Working with JSON and CSV Files

Who this is for: Grade 8–9 students who already know Python basics (loops, functions, lists/dicts) and want real-world data skills.

What you'll learn:

What JSON and CSV are and when to use them
Reading and writing JSON files in Python
Reading and writing CSV files in Python
Converting between JSON and CSV
Handling common pitfalls (encodings, numbers, headers)
A hands-on mini project: Gradebook Analyzer

1) Quick concepts

JSON (JavaScript Object Notation)

Great for structured data with nested objects and lists.
Common in web APIs and app configs.
Type mapping (JSON → Python):
- object → dict
- array → list
- string → str
- number → int/float
- true/false → True/False
- null → None

CSV (Comma-Separated Values)

Great for tabular data (rows and columns), like spreadsheets.
Simple and human-readable, but not good for deeply nested structures.

2) JSON in Python (module: json)

Read JSON from a file:

Use json.load to read files, json.loads to parse a string.

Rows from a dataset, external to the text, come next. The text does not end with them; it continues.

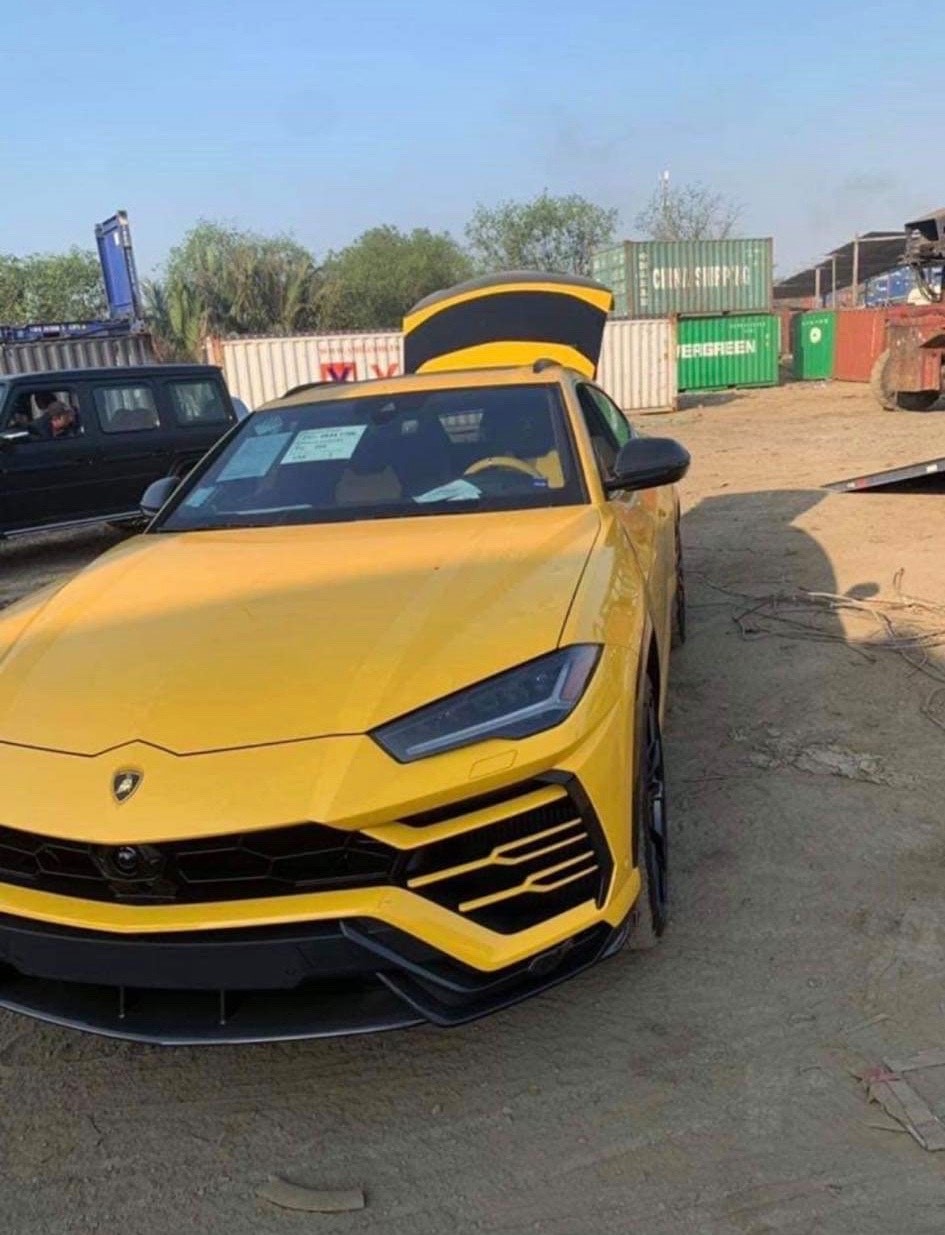 Lamborghini Urus 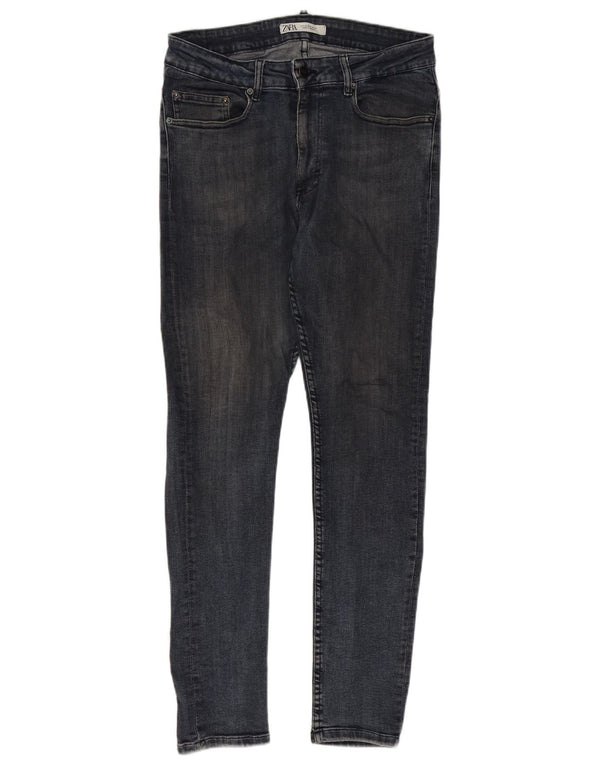 Zara Mens Skinny Jeans EU 40 Medium W31 L30 Blue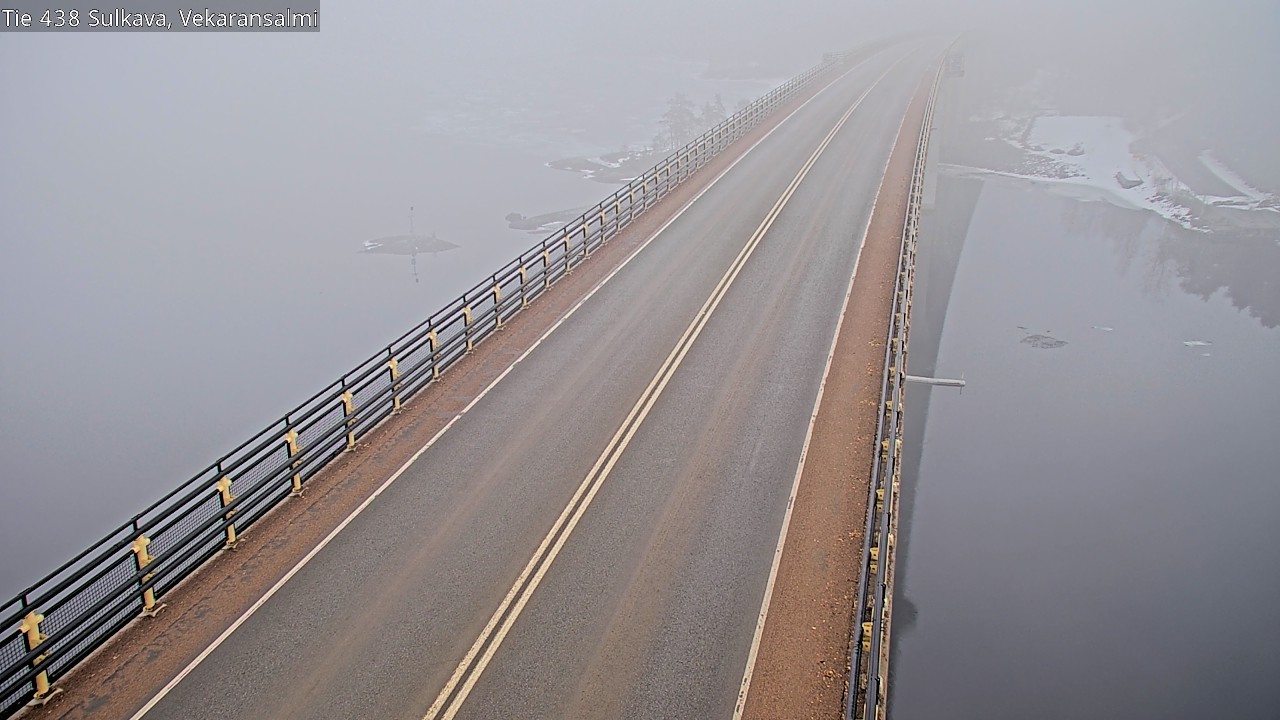 Weather Camera Image Road 438, Sulkava, Vekaransalmi, Sulkava, Etelä-Savo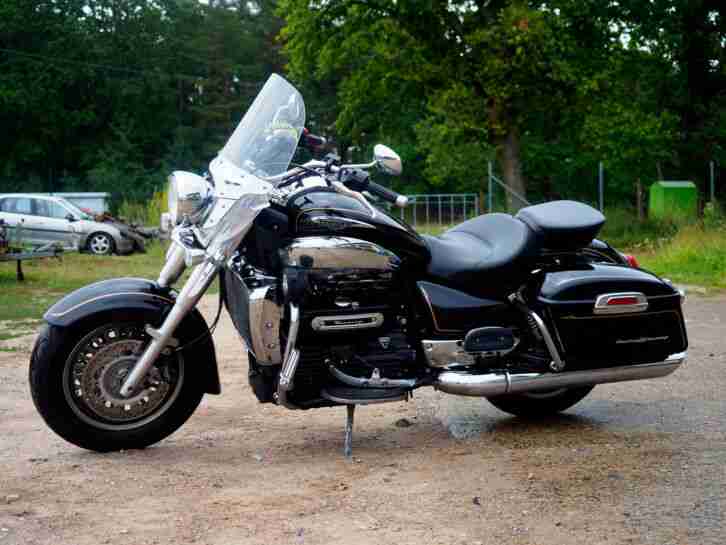 Triumph Rocket III Touring ABS Vollausstattung Service neu! Inz. Indian Harley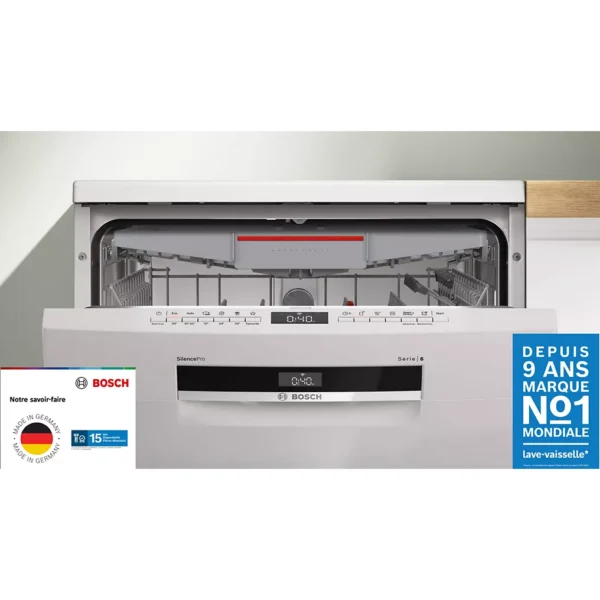 Bosch SMS6ZCW12F - Afbeelding 2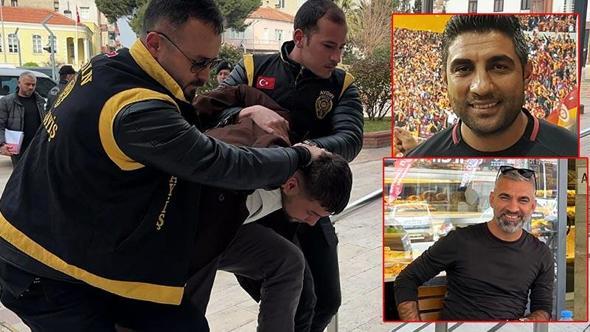 Eski Aydınspor Kulübü Başkanı ile kardeşini öldüren şüpheli adliyede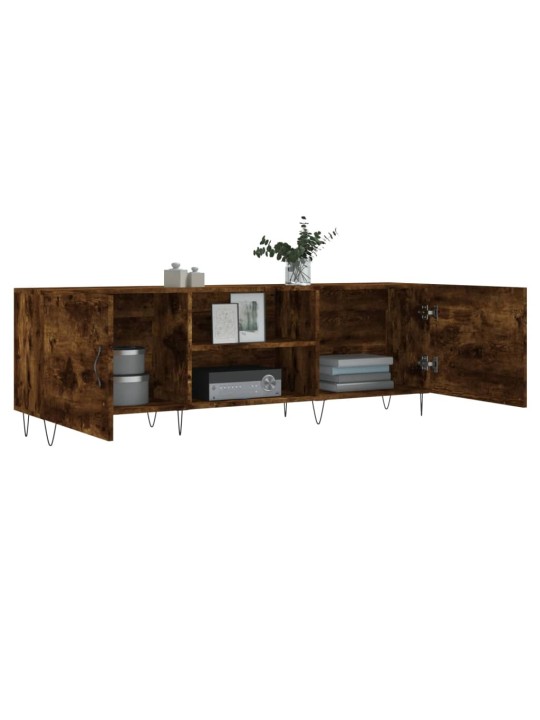 Tv skříňka kouřový dub 150 x 30 x 50 cm kompozitní dřevo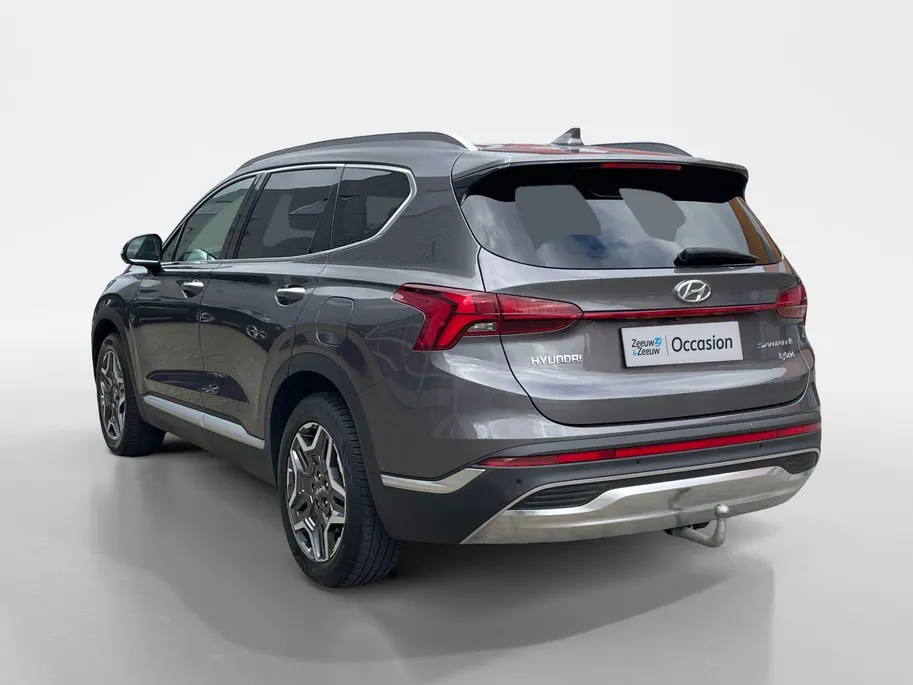Hyundai Santa Fe 1.6 T-GDI HEV Premium 7p. | Lederen bekleding| Stoelverwarming/koeling| Stuurverwarming| Elektrische achterklep| Trekhaak| 1650 KG trekgewicht|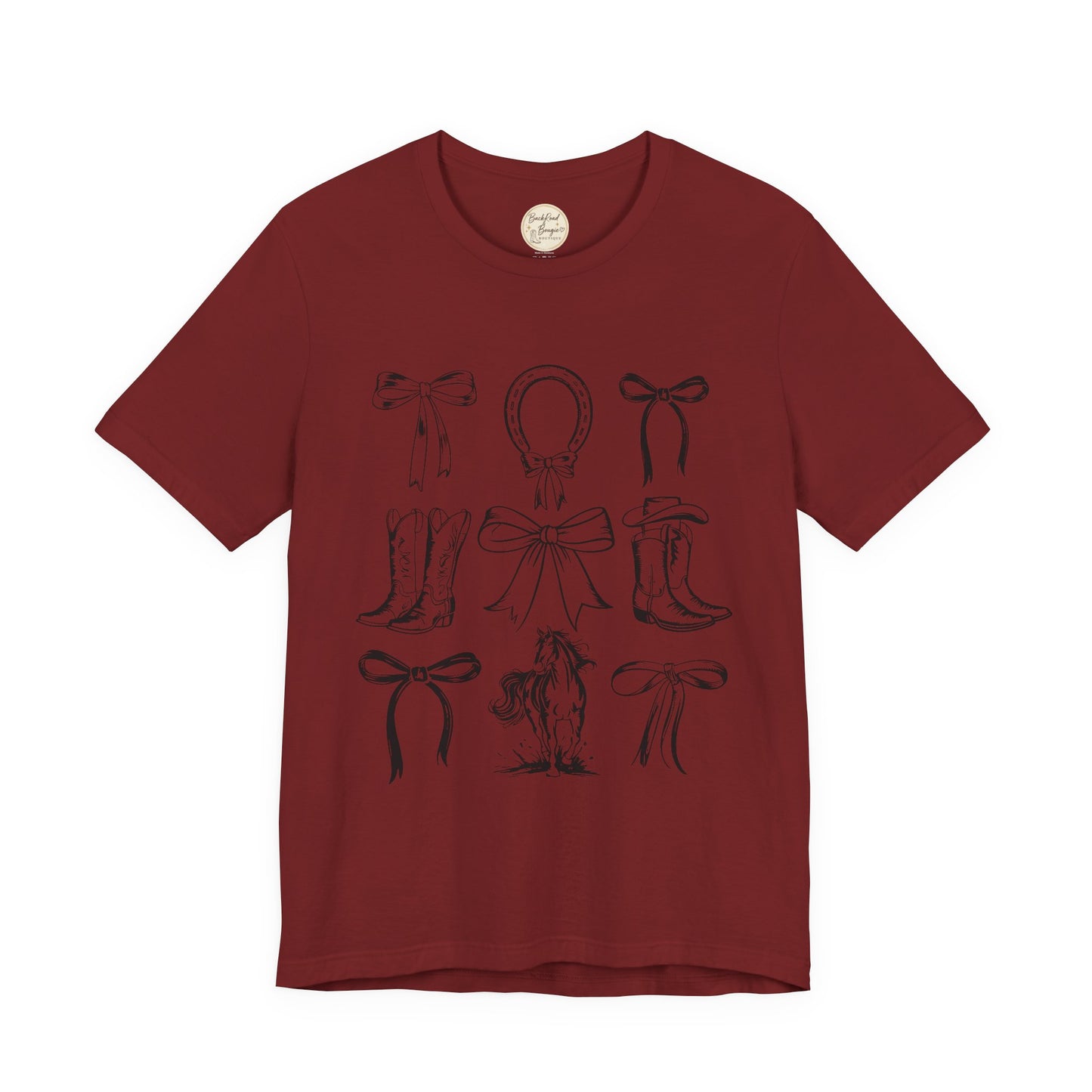 🤍 Western Sketch Tee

Example: reading, updating, and saving JSON

import json
from pathlib import Path

data_path = Path("data")
data_path.mkdir(exist_ok=True)

# Create a sample JSON file
sample = {
    "class": "9A",
    "teacher": "Ms. Lee",
    "students": [
        {"name": "Alex", "age": 14, "scores": {"math": 88, "science": 92}},
        {"name": "Rita", "age": 15, "scores": {"math": 95, "science": 85}}
    ]
}

with (data_path / "class.json").open("w", encoding="utf-8") as f:
    json.dump(sample, f, indent=2, ensure_ascii=False)

# Read it back
with (data_path / "class.json").open("r", encoding="utf-8") as f:
    data = json.load(f)

# Pretty print to console
print(json.dumps(data, indent=2, ensure_ascii=False))

# Update a value
data["students"][0]["scores"]["math"] = 90

# Save updated JSON
with (data_path / "class_updated.json").open("w", encoding="utf-8") as f:
    json.dump(data, f, indent=2, ensure_ascii=False, sort_keys=True)

Notes:

indent makes it human-readable.
ensure_ascii=False keeps non-English characters readable.
sort_keys=True writes keys in alphabetical order (useful for consistent files).

Handling bad JSON safely:

bad = "{ name: 'Alex' }"  # invalid JSON (unquoted key, single quotes)
try:
    parsed = json.loads(bad)
except json.JSONDecodeError as e:
    print("Invalid JSON:", e)

3) CSV in Python (module: csv)

Read CSV as rows (each row is a list):

Good for simple data without headers.

Read CSV as dictionaries (DictReader):

Best when the first row has column names.
You get rows as dicts like {"name": "Alex", "math": "88"}

Example: reading and writing CSV

import csv
from pathlib import Path

data_path = Path("data")
data_path.mkdir(exist_ok=True)

# Create a sample CSV file
with (data_path / "students.csv").open("w", newline="", encoding="utf-8") as f:
    writer = csv.writer(f)
    writer.writerow(["name", "math", "science"])
    writer.writerow(["Alex", "88", "92"])
    writer.writerow(["Rita", "95", "85"])
    writer.writerow(["Sam", "", "78"])  # missing math score

# Read with DictReader
def to_float(s):
    try:
        return float(s)
    except (TypeError, ValueError):
        return None

rows = []
with (data_path / "students.csv").open("r", newline="", encoding="utf-8") as f:
    reader = csv.DictReader(f)
    for row in reader:
        math = to_float(row["math"])
        science = to_float(row["science"])
        avg = None
        nums = [x for x in (math, science) if x is not None]
        if nums:
            avg = sum(nums) / len(nums)
        rows.append({
            "name": row["name"],
            "math": math,
            "science": science,
            "average": avg
        })

print(rows)

# Write a new CSV with averages
with (data_path / "averages.csv").open("w", newline="", encoding="utf-8") as f:
    fieldnames = ["name", "math", "science", "average"]
    writer = csv.DictWriter(f, fieldnames=fieldnames)
    writer.writeheader()
    writer.writerows(rows)

Important CSV tips:

Always open CSV files with newline="" to avoid extra blank lines (especially on Windows).
Use encoding="utf-8" for international text.
DictReader requires that the first row has headers.
All values read from CSV are strings. Convert to int/float if needed.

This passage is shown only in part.